◆ Your assignment:
Retype only what runs from the first line of the listing to the line holding "Map showing the", both included. Do not retype the pictures.

◆ Given data:
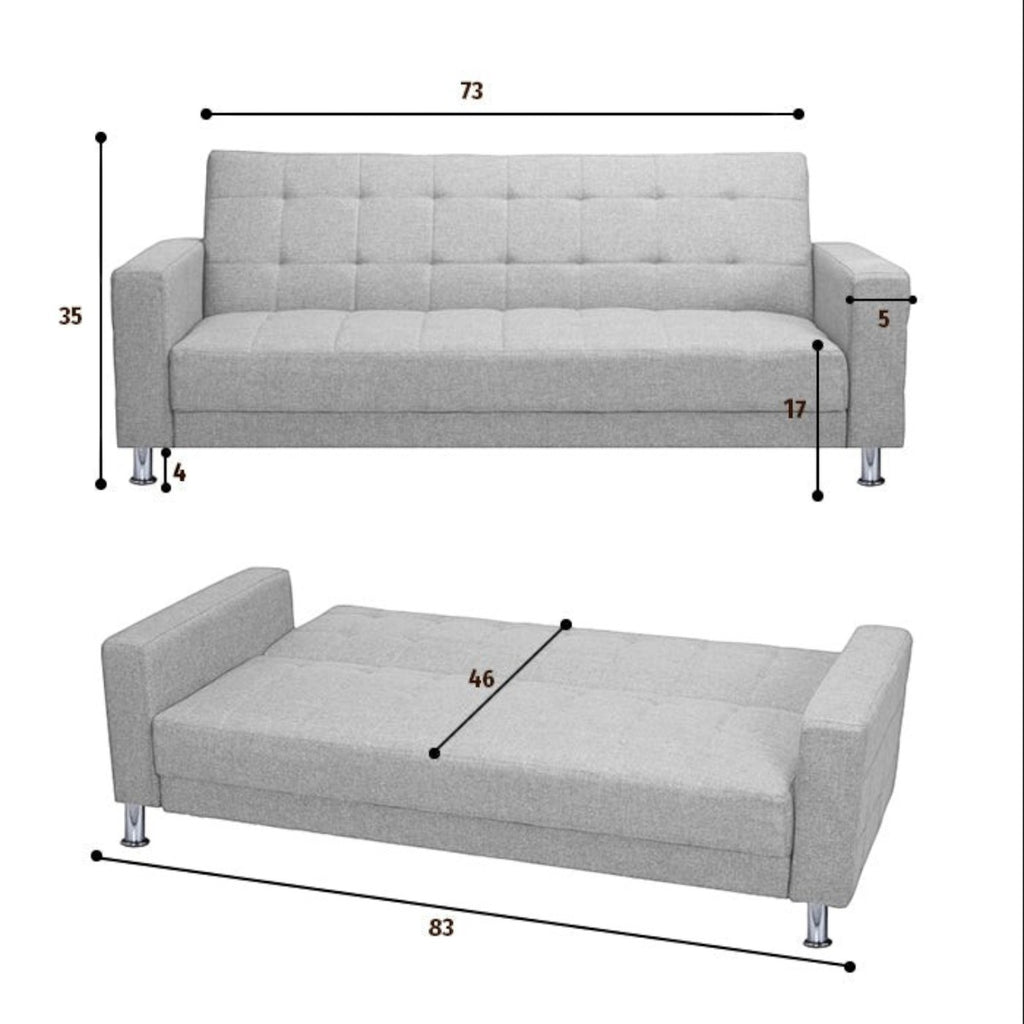 Homecrest Kesler light grey polyester sofa cum bed showing dimensions for sofa and bed configurations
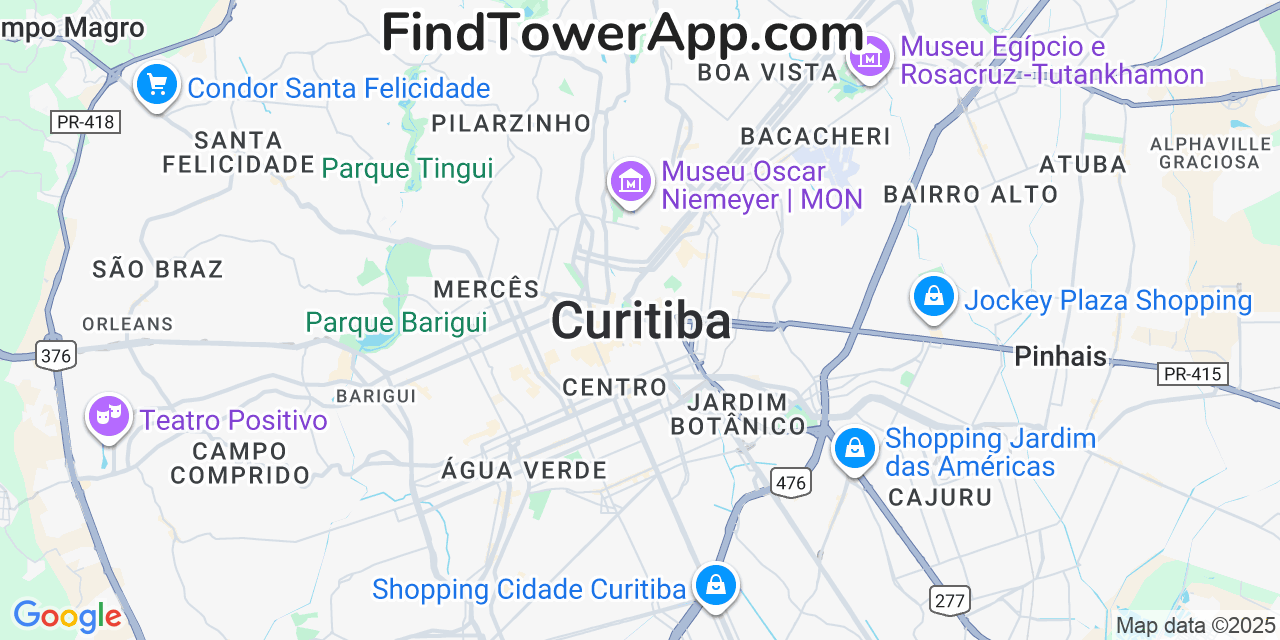 Map showing the 0 primary Local cell tower locations detected in Curitiba, Brazil with coverage radius and signal strength indicators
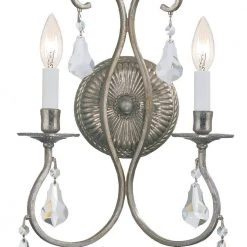 Ashton 2-Light Olde Silver Sconce by Crystorama -Crystorama popular store olde silver crystorama wall sconces 5012 os cl mwp 4f 1000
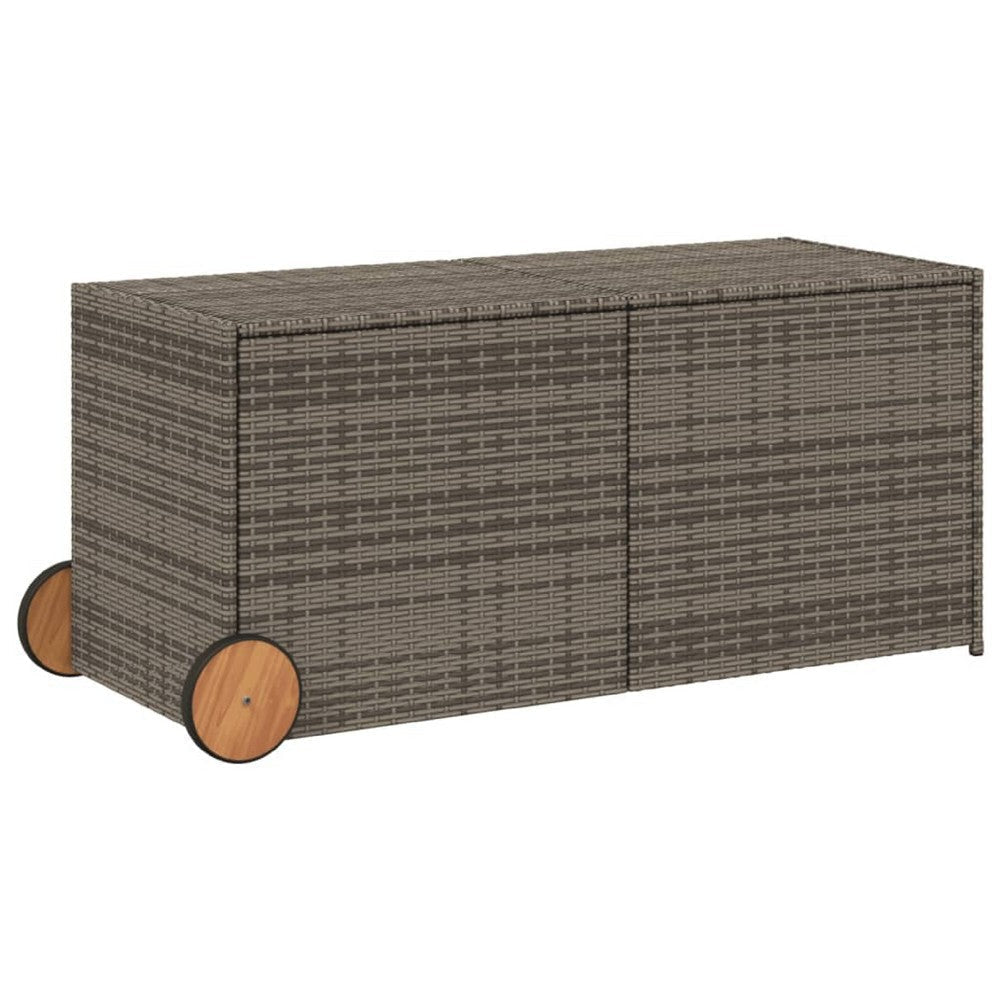 Lexie Outdoor Patio Storage Box | Gray Wicker Rattan | Casters | 50"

◆ Exercise solution:
 Homecrest Kesler light grey polyester sofa cum bed showing dimensions for sofa and bed configurations
 Map showing the 0 primary Local cell tower locations detected in Curitiba, Brazil with coverage radius and signal strength indicators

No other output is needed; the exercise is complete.